**RAW DATA:**
---*---
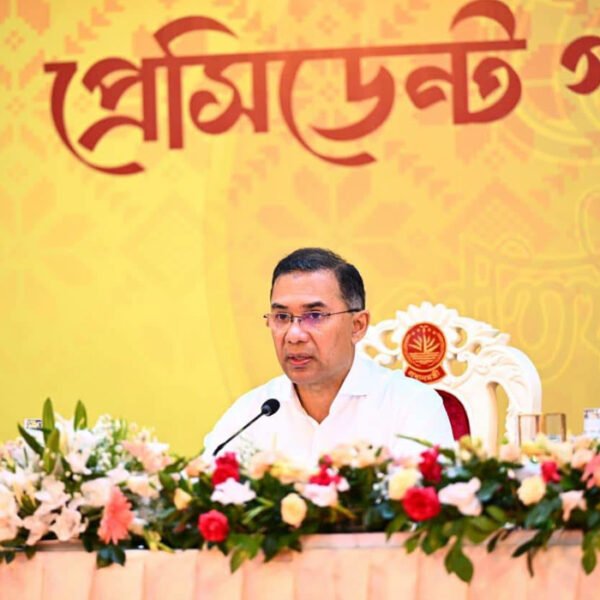 সশস্ত্র বাহিনী দেশ ও জনগণের গৌরবের প্রতীক: প্রধানমন্ত্রী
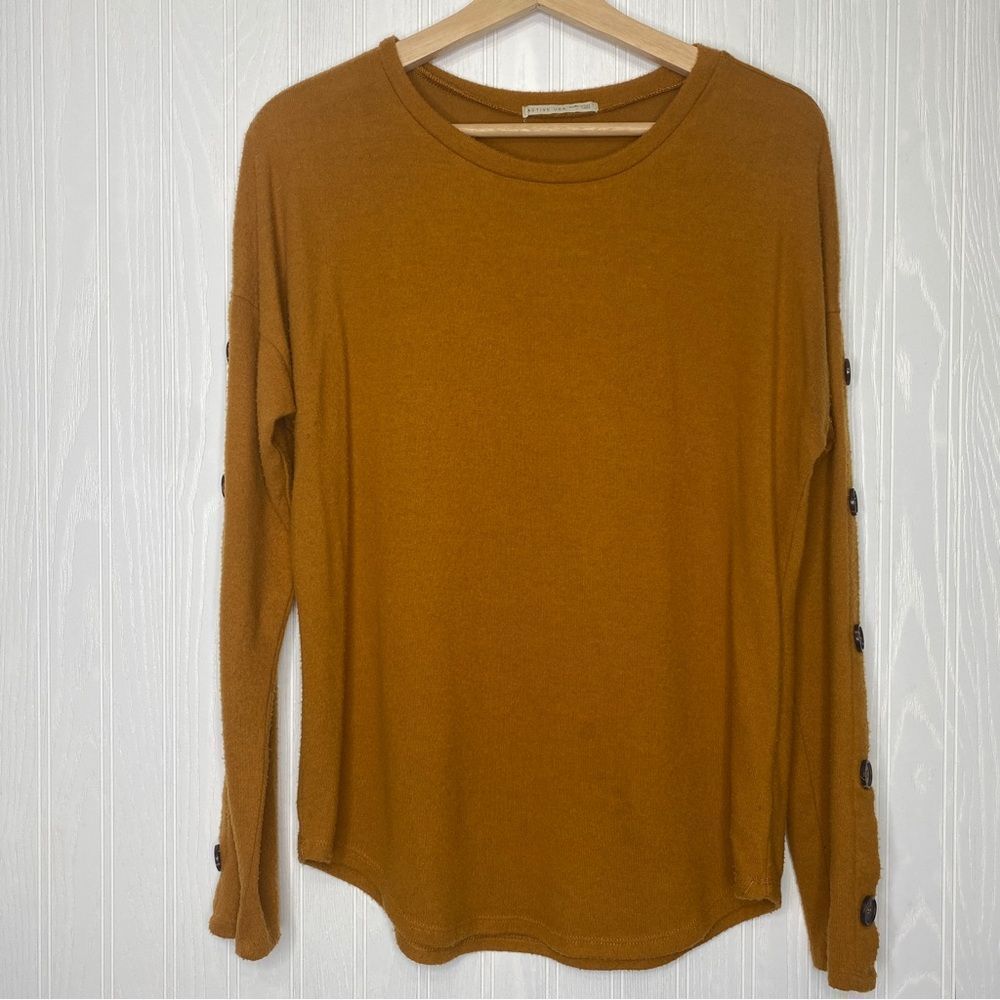 Active USA Orange Long Sleeve Sweater with Buttons Size Large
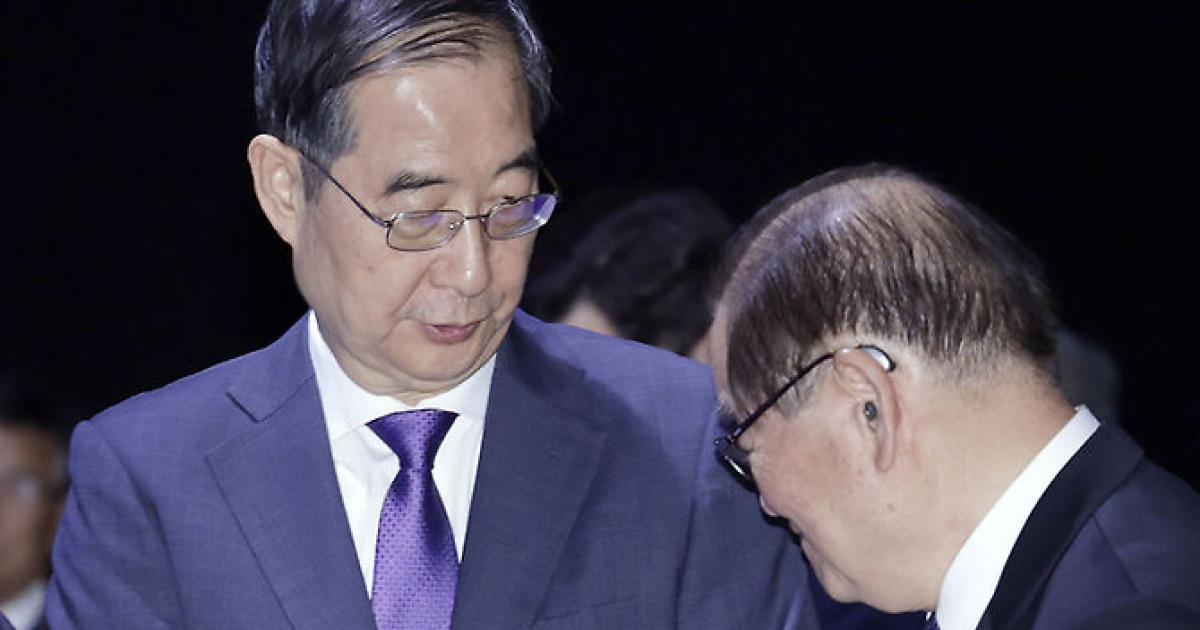 이종찬 광복회장과 인사하는 한덕수 총리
---*---
Drop the pictures, then repeat the material word for word.

 সশস্ত্র বাহিনী দেশ ও জনগণের গৌরবের প্রতীক: প্রধানমন্ত্রী
 Active USA Orange Long Sleeve Sweater with Buttons Size Large
 이종찬 광복회장과 인사하는 한덕수 총리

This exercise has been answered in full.